Spencer Pope is a poultryman who grows 800,000 broilers a year on his farm near Carthage, Miss., but for the past year he’s had another business — generating electricity from an array of 48 175-watt solar panels on the roof of one of his poultry houses.
“I’ve averaged a $250 per month saving on my electric bill,” he told participants in the Mississippi portion of the American Solar Energy Society’s annual Down on the Farm National Solar Tour. “Electricity is a pretty sizable expense for a poultry operation, and this represents a nice cost saving.
He’s so pleased with the economics of the system that he’s planning to install another 180 solar panels, which will then give him 47 kilowatts total power output.
“That’s enough to cover the entire electricity requirements of my six poultry houses,” he says.

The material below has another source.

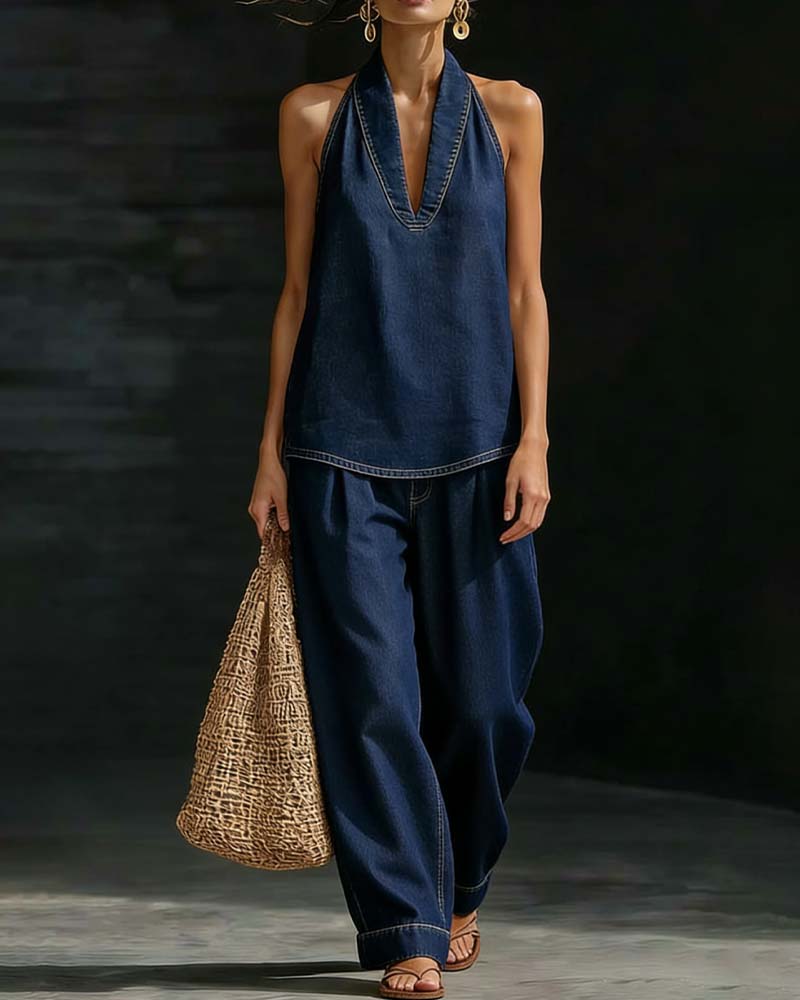 Set Mode Halterhals Denim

Thanks to a government grant through the Rural Energy for America program enacted in the 2008 farm bill and a 30 percent tax credit to encourage renewable energy, Pope shaved about 50 percent of the cost of purchasing and installing the system.
“With depreciation and the TVA power purchase agreement, I expect a four-year payback on the system,” he says. “There aren’t many opportunities like that in business today.”
Will and Carolyn Hegman, whose firm, Mississippi Solar, (www.mssolar.net), sponsored the state’s solar tour, say that while solar power generation is particularly suited to poultry operations — most houses have large expanses of south-facing roof area to mount the panels — there are many potential applications for businesses.
Poultry production is a major enterprise in Leake County and several surrounding counties; a Tyson poultry plant near Carthage processes some 2.5 million birds weekly and has 2,000-plus employees.
“Poultry farming is an energy-intensive business,” says Will. “Solar can really change the life of a poultry farmer.